Moore has written over 170 papers at the boundary between mathematics, physics, and computer science, ranging from quantum computing, social networks, and phase transitions in NP-complete problems and Bayesian inference, to risk assessment in criminal justice. He is an elected Fellow of the American Physical Society, the American Mathematical Society, and the American Association for the Advancement of Science. With Stephan Mertens, he is the author of The Nature of Computation from Oxford University Press.
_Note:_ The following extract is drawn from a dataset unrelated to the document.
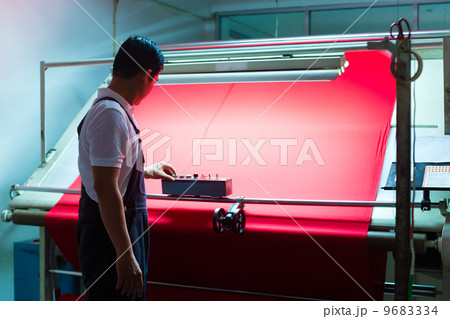Asian worker controls fabrics in textile plant 9683334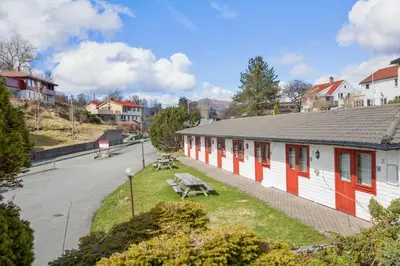 a building with red and white doors and a bench at Midttun Motell & Camping AS in Bergen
Abstract: Suppose we observe a matrix of data with a low-rank “signal” obscured by noise. The standard way to find the signal, at least approximately, is PCA (principal component analysis): just look at the eigenvectors of the matrix. For Gaussian noise, random matrix theory tells us exactly how well this works: that is, the accuracy we can achieve as a function of the signal-to-noise ratio.
For tensors, such as three-index tables A_ijk, the situation is much more complex. Here there seems to be a “statistical-computational gap,” namely a regime where finding the signal is possible but exponentially hard. Physically, this corresponds to a “glass transition,” where the optimum becomes hidden behind an energy barrier. Mathematically, it means that we believe no polynomial-time algorithm exists, and that something like exhaustive search is necessary.
I’ll give evidence for this exponential hardness by showing that no algorithm remotely similar to PCA can work: more precisely, no low-degree polynomial of the input can. Along the way, I’ll give an introduction to tensor networks — a generalization of matrix products and traces that everyone, including network theorists, should know about. If we’re really lucky I’ll mention free probability and free cumulants...
This is joint work with Tim Kunisky (Yale) and Alex Wein (UC Davis) and appeared in FOCS 2024.